# Data to use

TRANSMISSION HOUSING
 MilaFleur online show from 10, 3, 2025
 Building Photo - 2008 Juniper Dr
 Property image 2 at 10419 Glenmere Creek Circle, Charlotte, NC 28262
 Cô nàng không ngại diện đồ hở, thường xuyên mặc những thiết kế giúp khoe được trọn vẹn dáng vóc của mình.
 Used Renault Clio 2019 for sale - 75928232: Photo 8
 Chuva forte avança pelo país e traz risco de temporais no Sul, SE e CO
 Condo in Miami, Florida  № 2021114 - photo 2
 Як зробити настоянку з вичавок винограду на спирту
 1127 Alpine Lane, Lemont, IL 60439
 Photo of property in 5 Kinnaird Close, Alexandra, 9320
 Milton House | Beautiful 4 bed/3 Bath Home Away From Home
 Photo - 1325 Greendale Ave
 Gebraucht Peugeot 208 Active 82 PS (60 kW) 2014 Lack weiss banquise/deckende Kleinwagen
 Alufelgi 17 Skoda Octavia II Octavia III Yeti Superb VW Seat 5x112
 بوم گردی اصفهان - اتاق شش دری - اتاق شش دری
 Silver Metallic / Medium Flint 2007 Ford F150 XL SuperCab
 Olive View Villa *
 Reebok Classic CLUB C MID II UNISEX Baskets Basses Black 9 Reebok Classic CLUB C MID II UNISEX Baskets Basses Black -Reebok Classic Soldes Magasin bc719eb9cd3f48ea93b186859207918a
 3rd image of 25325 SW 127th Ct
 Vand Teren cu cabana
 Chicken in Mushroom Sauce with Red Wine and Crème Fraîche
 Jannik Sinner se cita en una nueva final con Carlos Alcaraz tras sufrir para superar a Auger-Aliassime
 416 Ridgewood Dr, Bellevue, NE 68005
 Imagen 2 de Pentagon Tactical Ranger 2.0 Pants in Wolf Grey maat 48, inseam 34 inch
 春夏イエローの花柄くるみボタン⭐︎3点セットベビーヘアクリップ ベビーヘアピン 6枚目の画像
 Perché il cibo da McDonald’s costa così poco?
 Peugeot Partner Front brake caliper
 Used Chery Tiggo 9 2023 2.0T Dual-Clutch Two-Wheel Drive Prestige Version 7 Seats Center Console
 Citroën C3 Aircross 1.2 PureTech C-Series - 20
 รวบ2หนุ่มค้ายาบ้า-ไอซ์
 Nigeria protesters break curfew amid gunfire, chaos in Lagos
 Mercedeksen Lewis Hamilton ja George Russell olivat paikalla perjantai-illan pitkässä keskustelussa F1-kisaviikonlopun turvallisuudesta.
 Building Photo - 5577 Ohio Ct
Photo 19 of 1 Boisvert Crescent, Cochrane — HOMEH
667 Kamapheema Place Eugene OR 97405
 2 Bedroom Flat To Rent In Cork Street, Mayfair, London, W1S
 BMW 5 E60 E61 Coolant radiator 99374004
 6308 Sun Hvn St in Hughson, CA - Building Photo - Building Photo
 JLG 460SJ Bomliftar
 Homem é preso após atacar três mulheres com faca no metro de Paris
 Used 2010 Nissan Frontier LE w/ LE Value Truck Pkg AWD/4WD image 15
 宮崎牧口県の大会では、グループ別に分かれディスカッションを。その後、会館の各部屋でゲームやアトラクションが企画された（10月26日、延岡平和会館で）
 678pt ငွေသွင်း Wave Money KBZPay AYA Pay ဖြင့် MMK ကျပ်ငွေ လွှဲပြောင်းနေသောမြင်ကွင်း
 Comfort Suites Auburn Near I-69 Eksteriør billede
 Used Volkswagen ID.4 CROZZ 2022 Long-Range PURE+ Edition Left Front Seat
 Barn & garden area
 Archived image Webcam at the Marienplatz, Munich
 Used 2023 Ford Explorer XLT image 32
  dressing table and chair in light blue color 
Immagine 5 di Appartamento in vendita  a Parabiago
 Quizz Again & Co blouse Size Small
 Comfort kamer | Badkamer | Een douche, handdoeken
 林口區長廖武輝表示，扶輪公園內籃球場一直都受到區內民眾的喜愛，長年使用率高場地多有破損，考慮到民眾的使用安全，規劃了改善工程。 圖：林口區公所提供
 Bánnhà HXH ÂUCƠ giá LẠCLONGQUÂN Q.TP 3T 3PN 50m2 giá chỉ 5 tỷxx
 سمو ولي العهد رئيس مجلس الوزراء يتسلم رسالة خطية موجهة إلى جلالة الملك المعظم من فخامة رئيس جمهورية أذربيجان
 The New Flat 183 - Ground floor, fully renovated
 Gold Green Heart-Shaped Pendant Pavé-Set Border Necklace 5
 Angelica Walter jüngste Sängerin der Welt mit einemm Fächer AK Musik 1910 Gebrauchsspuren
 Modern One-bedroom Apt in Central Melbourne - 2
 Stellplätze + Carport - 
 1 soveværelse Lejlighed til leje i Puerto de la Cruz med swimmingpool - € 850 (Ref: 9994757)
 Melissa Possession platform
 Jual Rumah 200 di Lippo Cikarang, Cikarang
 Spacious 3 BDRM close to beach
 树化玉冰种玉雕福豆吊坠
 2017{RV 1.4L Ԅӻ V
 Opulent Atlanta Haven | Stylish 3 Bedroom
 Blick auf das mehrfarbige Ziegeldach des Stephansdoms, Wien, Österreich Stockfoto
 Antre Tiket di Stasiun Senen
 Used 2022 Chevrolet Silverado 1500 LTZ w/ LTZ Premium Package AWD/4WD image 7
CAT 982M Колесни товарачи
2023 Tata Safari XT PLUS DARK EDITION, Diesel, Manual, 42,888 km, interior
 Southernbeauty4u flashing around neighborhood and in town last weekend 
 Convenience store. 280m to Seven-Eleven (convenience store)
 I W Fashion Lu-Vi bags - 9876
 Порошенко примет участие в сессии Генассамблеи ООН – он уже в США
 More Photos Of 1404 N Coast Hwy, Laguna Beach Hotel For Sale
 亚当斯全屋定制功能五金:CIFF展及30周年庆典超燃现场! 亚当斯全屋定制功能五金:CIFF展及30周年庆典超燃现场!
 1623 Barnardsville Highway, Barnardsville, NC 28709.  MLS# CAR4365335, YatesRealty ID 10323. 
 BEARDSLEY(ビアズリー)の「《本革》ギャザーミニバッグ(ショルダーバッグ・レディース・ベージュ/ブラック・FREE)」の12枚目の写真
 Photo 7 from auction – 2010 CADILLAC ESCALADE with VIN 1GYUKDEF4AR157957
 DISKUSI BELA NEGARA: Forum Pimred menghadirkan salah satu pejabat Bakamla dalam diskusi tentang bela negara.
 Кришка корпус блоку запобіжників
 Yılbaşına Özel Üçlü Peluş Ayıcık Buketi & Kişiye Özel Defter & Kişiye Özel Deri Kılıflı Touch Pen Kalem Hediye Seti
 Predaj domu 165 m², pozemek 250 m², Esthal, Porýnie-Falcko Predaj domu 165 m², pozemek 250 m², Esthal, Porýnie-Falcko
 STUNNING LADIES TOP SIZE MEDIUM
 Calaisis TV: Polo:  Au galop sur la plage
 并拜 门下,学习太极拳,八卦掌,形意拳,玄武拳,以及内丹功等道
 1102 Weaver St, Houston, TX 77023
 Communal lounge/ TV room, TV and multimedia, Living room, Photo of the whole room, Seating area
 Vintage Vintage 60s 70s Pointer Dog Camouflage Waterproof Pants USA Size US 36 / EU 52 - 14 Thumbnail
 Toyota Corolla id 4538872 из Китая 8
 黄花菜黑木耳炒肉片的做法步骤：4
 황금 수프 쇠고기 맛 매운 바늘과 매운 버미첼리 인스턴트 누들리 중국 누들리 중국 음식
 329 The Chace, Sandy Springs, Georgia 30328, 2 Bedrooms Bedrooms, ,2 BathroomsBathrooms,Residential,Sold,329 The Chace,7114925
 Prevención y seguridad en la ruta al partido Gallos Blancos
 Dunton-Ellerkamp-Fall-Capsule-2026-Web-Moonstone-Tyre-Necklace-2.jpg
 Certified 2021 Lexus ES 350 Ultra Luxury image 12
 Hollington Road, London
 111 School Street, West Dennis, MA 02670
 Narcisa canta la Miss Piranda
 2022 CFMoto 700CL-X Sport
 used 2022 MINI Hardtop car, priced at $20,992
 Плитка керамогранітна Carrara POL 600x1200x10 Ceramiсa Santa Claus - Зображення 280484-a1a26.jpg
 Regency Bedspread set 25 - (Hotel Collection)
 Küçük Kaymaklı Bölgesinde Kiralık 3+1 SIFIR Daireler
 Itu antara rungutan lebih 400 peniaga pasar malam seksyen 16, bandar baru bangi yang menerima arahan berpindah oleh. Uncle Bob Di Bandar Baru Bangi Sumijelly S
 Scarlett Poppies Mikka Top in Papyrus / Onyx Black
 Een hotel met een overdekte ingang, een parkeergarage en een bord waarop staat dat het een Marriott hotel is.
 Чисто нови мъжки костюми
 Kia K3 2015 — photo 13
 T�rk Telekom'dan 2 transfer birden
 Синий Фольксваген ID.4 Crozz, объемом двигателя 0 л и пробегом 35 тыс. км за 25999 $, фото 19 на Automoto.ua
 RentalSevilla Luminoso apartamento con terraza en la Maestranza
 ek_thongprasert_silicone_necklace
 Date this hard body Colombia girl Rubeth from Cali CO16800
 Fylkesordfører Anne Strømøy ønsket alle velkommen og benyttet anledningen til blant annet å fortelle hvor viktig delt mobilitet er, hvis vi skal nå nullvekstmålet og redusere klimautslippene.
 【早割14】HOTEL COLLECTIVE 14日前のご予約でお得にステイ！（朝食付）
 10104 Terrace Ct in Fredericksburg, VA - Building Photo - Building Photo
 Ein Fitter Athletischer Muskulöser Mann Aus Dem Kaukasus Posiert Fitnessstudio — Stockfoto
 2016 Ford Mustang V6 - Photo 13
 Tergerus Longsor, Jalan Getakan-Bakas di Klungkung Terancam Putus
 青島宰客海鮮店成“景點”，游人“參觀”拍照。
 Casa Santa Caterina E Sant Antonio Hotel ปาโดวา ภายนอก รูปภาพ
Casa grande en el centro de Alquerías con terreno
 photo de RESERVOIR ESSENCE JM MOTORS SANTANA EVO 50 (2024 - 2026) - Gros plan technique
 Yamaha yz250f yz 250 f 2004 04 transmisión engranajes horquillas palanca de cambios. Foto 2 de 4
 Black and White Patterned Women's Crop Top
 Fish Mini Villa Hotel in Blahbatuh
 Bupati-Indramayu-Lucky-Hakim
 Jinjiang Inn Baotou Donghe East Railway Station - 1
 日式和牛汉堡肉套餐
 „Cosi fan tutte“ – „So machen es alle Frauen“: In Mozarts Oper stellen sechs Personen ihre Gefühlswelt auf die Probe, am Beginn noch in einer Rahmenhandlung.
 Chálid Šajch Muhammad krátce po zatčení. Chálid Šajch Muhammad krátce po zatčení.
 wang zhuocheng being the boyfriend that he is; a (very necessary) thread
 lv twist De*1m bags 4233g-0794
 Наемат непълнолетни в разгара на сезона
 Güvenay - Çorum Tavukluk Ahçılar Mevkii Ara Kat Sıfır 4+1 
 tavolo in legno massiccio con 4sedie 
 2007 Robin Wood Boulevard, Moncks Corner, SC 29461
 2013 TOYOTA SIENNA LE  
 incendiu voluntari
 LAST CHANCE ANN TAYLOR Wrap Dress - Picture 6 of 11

# Exercise directions
Work out how many lines in this material include the word "Flat", and reply with that number alone.

# Exercise result
2